Глава двадцать первая
ОТЧУЖДЕНИЕ И САМОАНАЛИЗ
Эмиграция делает из меня прозаика.
В начале тридцатых годов Цветаева все больше обращается к прозе, возможно, потому, что под давлением она давалась ей лучше, чем стихи. Или, возможно, она надеялась увеличить свои шансы быть напечатанной, отклонившись от своих «непонятных» стихов. В августе 1932 года она услышала, что ее старый друг Волошин умер. Она немедленно села за работу над эссе «Живое о живом», о том, какое значение он имел в ее жизни. Это был первый в серии блестящих портретов.
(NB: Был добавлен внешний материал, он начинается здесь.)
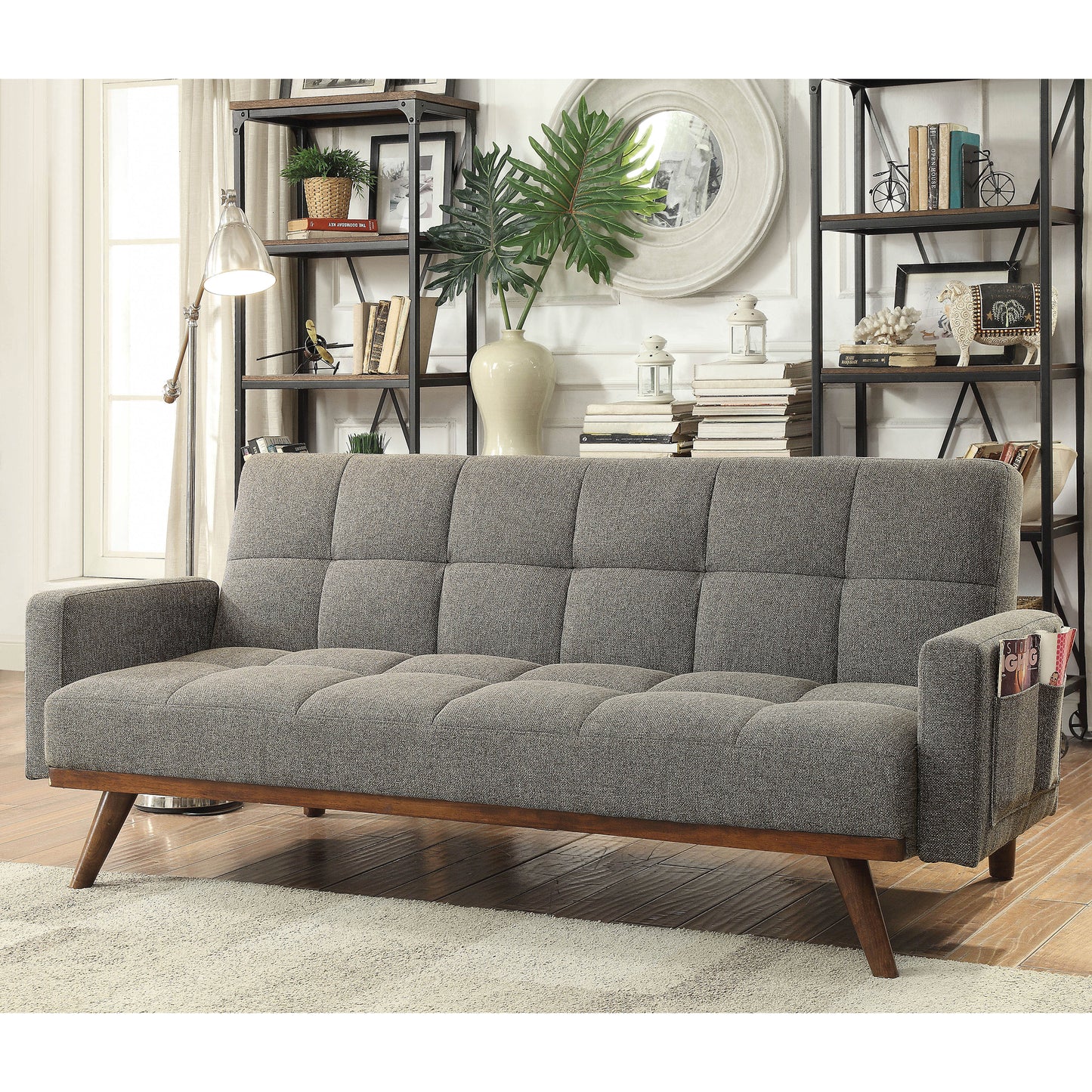Left angled mid-century modern gray tufted futon with a wood base in a living area with accessories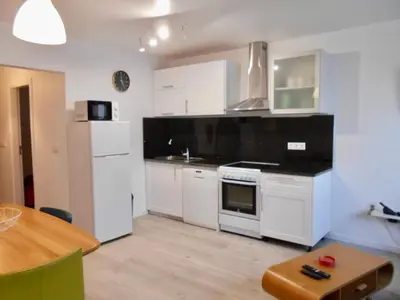 a kitchen with white appliances and a wooden table at Casa Bamboo central Funchal Villa in Funchal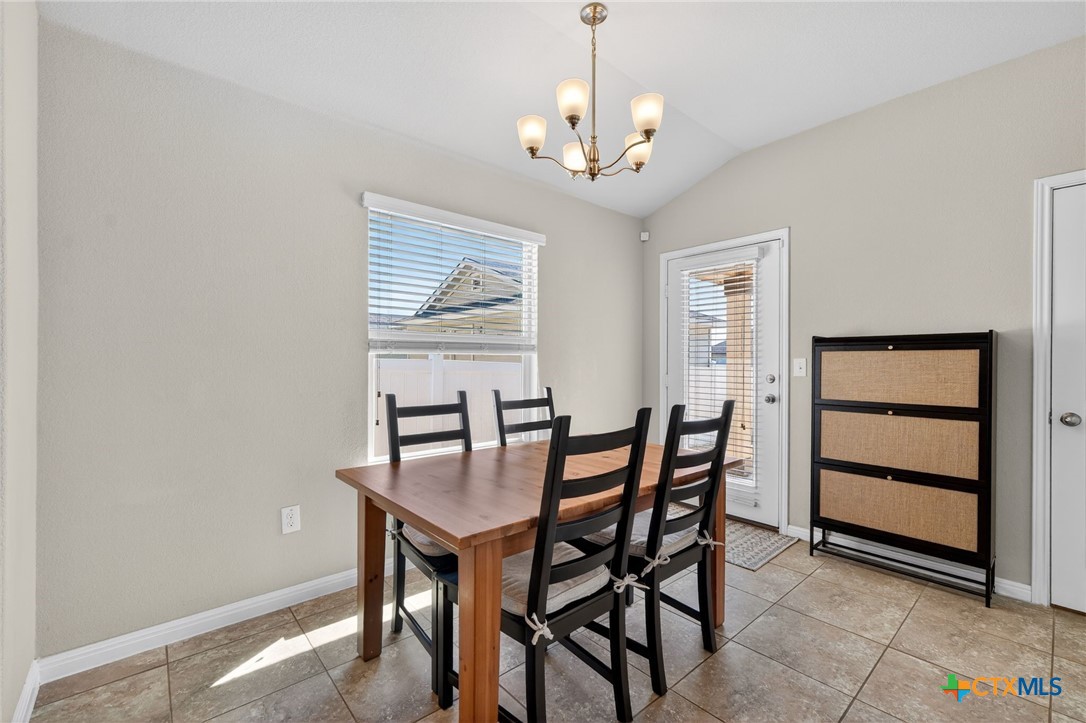 201 Cane River Road Pflugerville, TX 78660 - Photo 4 of 21 a view of a dining room with furniture and wooden floor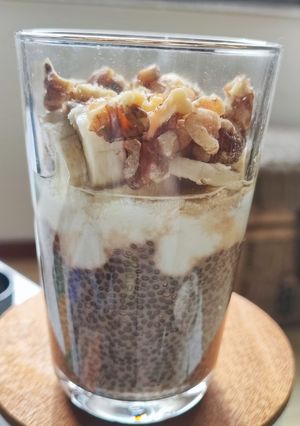 A picture of Vanilla-Scented Coffee Chia Pudding with Greek Yogurt, Banana, and Walnuts.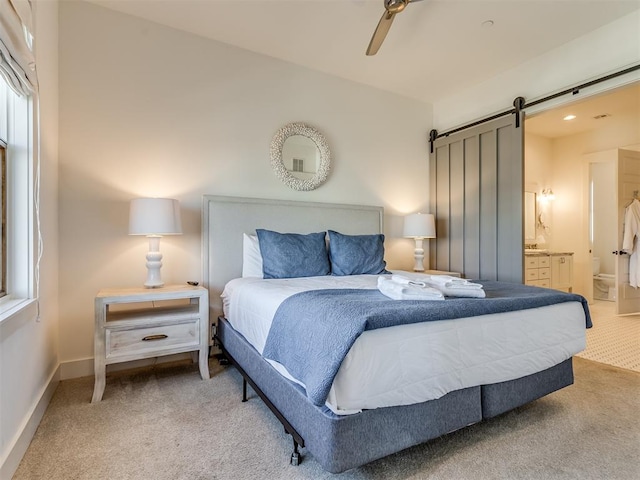 carpeted bedroom with a barn door, ensuite bathroom, and ceiling fan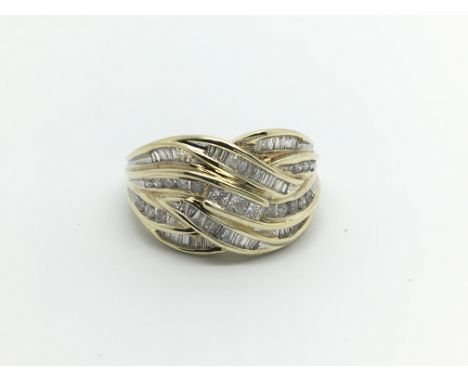 A 9carat gold ring set with a pattern of baguette diamonds ring size T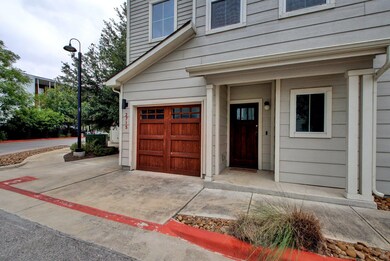 Garage with concrete driveway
В следующие несколько лет проза — компактная, оригинальная, поэтичная — стала для нее главным способом выражения. В годы жизни в Москве ее проза в основном рассматривала вопросы жизни вокруг нее, перемежаясь с размышлениями и описаниями. Теперь большинство ее произведений были воспоминаниями о других поэтах или автобиографическими эссе. Волшебно переплетая события прошлого и настоящего, они мифологизировали прошлое и заглядывали в неизвестное будущее; они исследовали значение событий, сущность людей и эмоций. Как и в поэзии, Цветаева искала «правды» и прямо говорила с читателем о том, что имело для нее значение. Она могла перейти от повествования к монологу, от описания к объяснению. Как писал Карлинский:
«Связана ли проза Цветаевой с ее матерью и семьей, знаменитыми поэтами или теориями искусства, она во всех случаях оставалась прозой поэта — не обязательно потому, что была написана поэтом, а потому, что в своей прозе Цветаева последовательно использовала лексические, стилистические и структурные приемы, которые развивала в стихах. Кроме размера и рифмы, структура ее прозы та же, что и в стихах. Здесь она также использует игру близких по звучанию, но разных по значению глаголов (парономазию), аллитерацию и анафору, и использует эллипсис глаголов и существительных, типичный для русской разговорной речи, но редкий в традиционной «литературной» прозе».
И все же проза никогда не вытеснила из ее сердца поэзию. Позже она писала товарищу — поэту Владиславу Ходасевичу: «Нельзя дарить жизни, или эмиграции, или Вишнякам, или «вечерам бриджа», или всем им — этот триумф: […] Заставить поэта обходиться без стихов, сделать из поэта — прозаика, а из прозаика — покойника. Вы (мы!) получили что-то, что не имеем права бросить».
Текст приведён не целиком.